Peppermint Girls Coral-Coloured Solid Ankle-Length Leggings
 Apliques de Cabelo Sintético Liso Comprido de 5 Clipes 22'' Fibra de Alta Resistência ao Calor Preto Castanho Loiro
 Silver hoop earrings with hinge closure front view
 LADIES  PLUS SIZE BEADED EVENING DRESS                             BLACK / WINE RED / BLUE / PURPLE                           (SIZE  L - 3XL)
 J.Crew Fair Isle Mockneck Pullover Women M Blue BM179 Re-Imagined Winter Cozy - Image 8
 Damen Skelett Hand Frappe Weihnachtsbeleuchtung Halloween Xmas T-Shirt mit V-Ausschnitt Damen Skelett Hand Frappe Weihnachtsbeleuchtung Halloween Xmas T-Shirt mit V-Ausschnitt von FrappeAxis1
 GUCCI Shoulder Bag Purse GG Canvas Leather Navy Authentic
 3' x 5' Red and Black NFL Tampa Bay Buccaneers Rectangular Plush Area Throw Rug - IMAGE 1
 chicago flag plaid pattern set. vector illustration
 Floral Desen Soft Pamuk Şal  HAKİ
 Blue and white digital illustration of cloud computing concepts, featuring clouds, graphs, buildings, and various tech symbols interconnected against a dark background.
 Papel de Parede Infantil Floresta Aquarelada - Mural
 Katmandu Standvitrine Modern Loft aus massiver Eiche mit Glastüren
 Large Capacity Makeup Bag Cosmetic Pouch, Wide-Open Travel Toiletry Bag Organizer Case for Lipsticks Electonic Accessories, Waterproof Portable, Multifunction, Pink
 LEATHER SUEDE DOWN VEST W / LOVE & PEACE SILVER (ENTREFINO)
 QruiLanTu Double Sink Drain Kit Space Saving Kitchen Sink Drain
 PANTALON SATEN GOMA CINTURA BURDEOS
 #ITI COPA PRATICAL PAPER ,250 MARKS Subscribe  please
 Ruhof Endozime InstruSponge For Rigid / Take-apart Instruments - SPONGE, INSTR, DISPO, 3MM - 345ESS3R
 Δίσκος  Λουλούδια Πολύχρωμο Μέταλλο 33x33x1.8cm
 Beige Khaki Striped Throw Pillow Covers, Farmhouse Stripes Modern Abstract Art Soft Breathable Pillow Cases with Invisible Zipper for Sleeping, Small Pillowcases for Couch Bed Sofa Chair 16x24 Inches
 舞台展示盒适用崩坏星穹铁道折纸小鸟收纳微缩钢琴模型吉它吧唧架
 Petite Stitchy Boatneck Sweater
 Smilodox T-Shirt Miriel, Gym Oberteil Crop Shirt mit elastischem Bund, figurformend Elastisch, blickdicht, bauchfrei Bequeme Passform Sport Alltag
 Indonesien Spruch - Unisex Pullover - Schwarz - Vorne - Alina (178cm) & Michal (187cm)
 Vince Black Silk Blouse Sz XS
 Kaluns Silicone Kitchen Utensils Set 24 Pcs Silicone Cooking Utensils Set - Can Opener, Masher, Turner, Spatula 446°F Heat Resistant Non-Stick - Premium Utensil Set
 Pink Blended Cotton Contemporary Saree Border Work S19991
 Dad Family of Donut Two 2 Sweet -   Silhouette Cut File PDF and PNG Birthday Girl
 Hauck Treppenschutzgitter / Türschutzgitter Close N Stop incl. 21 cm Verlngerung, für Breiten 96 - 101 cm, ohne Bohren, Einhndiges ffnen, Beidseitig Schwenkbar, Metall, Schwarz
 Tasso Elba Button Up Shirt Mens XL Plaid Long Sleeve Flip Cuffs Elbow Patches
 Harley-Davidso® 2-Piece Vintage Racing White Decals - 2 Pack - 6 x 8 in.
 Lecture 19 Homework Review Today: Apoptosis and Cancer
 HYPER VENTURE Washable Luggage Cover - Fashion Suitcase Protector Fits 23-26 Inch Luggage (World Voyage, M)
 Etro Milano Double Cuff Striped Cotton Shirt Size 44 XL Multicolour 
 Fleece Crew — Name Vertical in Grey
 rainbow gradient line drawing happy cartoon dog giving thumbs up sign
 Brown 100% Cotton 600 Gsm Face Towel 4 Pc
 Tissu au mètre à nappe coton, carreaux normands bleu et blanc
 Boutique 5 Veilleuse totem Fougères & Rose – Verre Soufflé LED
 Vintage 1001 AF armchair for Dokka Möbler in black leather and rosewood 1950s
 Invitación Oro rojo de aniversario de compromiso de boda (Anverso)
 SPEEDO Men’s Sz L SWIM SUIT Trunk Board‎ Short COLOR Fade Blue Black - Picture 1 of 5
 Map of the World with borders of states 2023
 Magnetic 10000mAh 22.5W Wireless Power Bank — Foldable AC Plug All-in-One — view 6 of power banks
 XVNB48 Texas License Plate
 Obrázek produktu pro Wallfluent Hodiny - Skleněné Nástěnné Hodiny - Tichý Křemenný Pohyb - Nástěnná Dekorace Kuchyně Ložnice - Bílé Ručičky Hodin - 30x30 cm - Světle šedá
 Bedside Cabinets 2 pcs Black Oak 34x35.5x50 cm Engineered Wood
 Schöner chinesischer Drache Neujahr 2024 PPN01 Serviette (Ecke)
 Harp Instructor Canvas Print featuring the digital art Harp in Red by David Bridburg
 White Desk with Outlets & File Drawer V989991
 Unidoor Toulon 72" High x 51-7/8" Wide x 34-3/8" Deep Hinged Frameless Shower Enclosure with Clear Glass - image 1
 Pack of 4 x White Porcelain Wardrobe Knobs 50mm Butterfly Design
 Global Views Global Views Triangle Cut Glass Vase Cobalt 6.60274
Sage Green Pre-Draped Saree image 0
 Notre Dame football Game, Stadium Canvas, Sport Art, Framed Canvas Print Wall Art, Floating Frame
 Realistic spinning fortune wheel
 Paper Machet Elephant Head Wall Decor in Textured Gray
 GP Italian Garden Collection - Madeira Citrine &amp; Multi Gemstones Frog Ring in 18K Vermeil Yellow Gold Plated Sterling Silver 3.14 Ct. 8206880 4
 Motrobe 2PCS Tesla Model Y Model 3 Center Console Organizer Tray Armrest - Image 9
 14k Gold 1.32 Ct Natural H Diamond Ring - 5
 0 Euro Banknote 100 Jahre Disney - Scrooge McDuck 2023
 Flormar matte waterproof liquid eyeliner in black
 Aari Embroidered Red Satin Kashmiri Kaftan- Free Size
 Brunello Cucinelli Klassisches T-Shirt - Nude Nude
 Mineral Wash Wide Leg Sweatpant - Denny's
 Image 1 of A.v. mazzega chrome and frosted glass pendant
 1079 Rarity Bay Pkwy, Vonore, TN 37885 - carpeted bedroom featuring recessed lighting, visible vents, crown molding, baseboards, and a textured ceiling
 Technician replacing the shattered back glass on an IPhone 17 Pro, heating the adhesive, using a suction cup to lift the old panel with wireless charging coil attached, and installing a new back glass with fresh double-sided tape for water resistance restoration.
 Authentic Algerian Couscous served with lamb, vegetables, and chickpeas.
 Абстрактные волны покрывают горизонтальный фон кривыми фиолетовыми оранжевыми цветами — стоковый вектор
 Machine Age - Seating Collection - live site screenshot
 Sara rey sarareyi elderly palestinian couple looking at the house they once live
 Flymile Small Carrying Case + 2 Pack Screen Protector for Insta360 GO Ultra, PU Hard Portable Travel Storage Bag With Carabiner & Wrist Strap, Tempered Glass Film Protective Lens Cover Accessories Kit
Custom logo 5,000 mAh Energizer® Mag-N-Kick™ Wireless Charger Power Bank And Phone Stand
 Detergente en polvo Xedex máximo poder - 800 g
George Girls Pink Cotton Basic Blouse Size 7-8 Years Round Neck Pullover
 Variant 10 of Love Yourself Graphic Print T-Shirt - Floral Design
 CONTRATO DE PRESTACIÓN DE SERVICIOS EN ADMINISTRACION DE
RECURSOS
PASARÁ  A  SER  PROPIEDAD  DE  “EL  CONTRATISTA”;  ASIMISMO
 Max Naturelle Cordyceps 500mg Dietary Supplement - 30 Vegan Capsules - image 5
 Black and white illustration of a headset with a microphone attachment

• **Brief**: Copy out the lines above exactly, beginning at the one that contains "Fleece Crew — Name Vertical in Grey" and ending at the one that contains "Bedside Cabinets 2".

• **Output of the exercise**:
 Fleece Crew — Name Vertical in Grey
 rainbow gradient line drawing happy cartoon dog giving thumbs up sign
 Brown 100% Cotton 600 Gsm Face Towel 4 Pc
 Tissu au mètre à nappe coton, carreaux normands bleu et blanc
 Boutique 5 Veilleuse totem Fougères & Rose – Verre Soufflé LED
 Vintage 1001 AF armchair for Dokka Möbler in black leather and rosewood 1950s
 Invitación Oro rojo de aniversario de compromiso de boda (Anverso)
 SPEEDO Men’s Sz L SWIM SUIT Trunk Board‎ Short COLOR Fade Blue Black - Picture 1 of 5
 Map of the World with borders of states 2023
 Magnetic 10000mAh 22.5W Wireless Power Bank — Foldable AC Plug All-in-One — view 6 of power banks
 XVNB48 Texas License Plate
 Obrázek produktu pro Wallfluent Hodiny - Skleněné Nástěnné Hodiny - Tichý Křemenný Pohyb - Nástěnná Dekorace Kuchyně Ložnice - Bílé Ručičky Hodin - 30x30 cm - Světle šedá
 Bedside Cabinets 2 pcs Black Oak 34x35.5x50 cm Engineered Wood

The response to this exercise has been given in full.